The public would clearly welcome a law to prevent the country being brought to its knees by a few hundred union die-hards.

A backbench Tory MP, Dominic Raab, proposed a law which would have set minimum turnouts for strike ballots, but it died in Parliament for want of ministerial backing.

During last year’s strikes, Francis Maude did a lot of tough talking, accusing the unions of playing with fire and making veiled threats.

Now it’s time to back up those strong words and take some serious action.

First, the hack who wrote this offers us a generalization instead of hard facts: he claims that “the public” wants to see tougher union laws. That isn’t true.  Second, Dominic Raab should make better use of his time instead of trying to relive the life he didn’t have in the 1980s. He was clearly too young when Thatcher and her goons smashed the unions. Raab loves to talk and write about freedom but he’s more than happy to deny trade unionists their freedoms.  As I keep reminding readers, most local authorities are elected on a 21 to 25% turnout. Boris Johnson was re-elected as London Mayor on a turnout of 32%.
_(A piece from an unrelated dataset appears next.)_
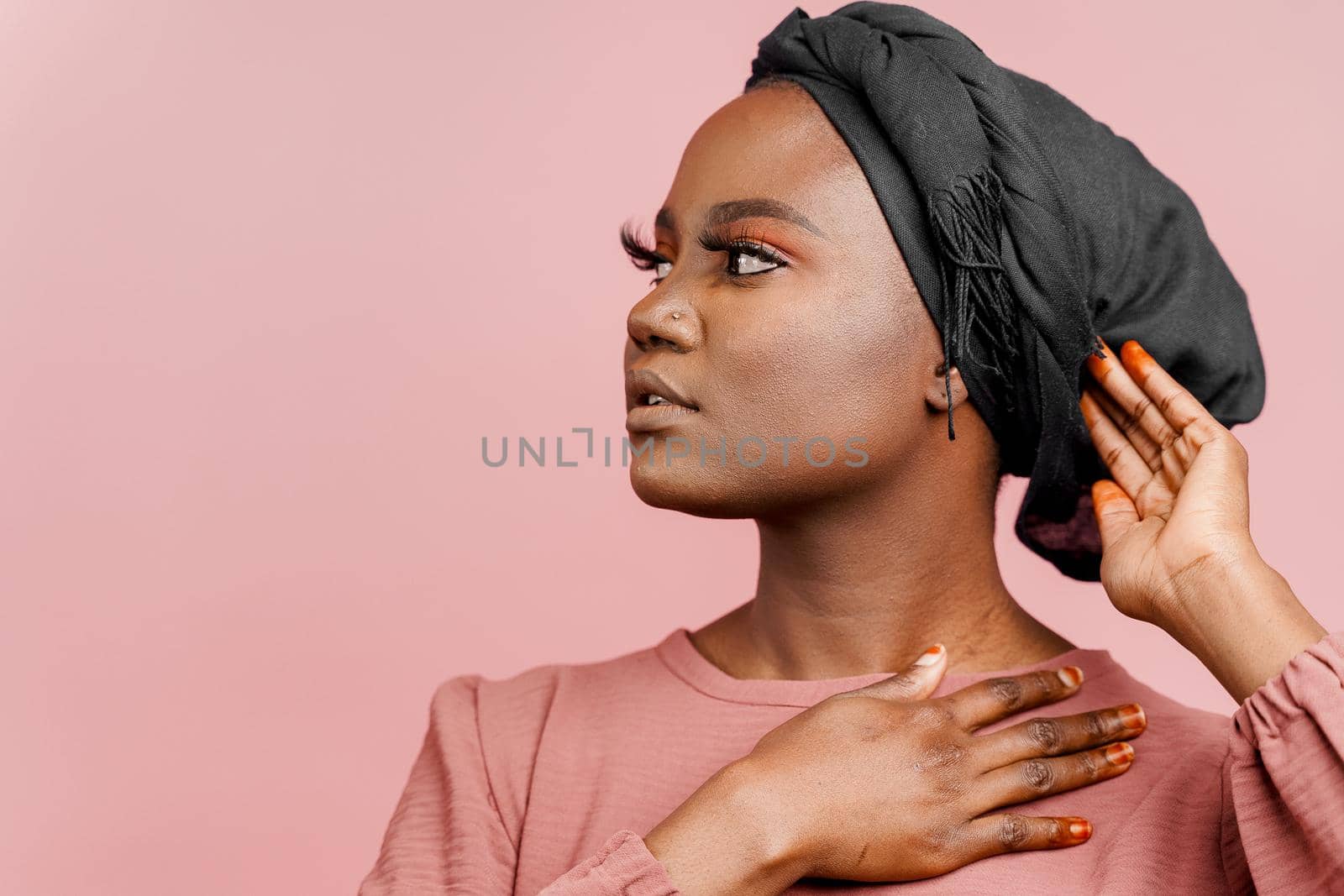 Muslim woman with closed eyes close-up. Relax and meditation. African black attractive girl portrait isolated on pink background. by Rabizo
While the government is loathe to talk to trade unions – unless it’s to bully them – they are quite prepared to talk to the protesting dairy farmers. This is from The Independent,

The Government is to have talks with dairy farmers following two nights of protests over the prices paid to milk suppliers

Environment Secretary Caroline Spelman and Farming Minister Jim Paice are to meet farmers, milk processors and supermarkets next week, a spokesman for Defra confirmed.

The ministers will hold talks at the Royal Welsh Show, in Powys, on Monday to try to resolve the crisis in the dairy industry.

The protests are being led by a group calling itself “Farmers For Action” (FFA). The FFA and the National Farmers’ Union (NFU) are working together and both organizations support the Tory party.  The NFU is a not a union in the accepted sense of the word. Alan White writing in The New Statesman says,

But the National Farmers’ Union (NFU) has historically seemed either unable or unwilling to unionise their members.” And indeed, many have asked whether the NFU can really be called a union at all, such is its close relationship with government.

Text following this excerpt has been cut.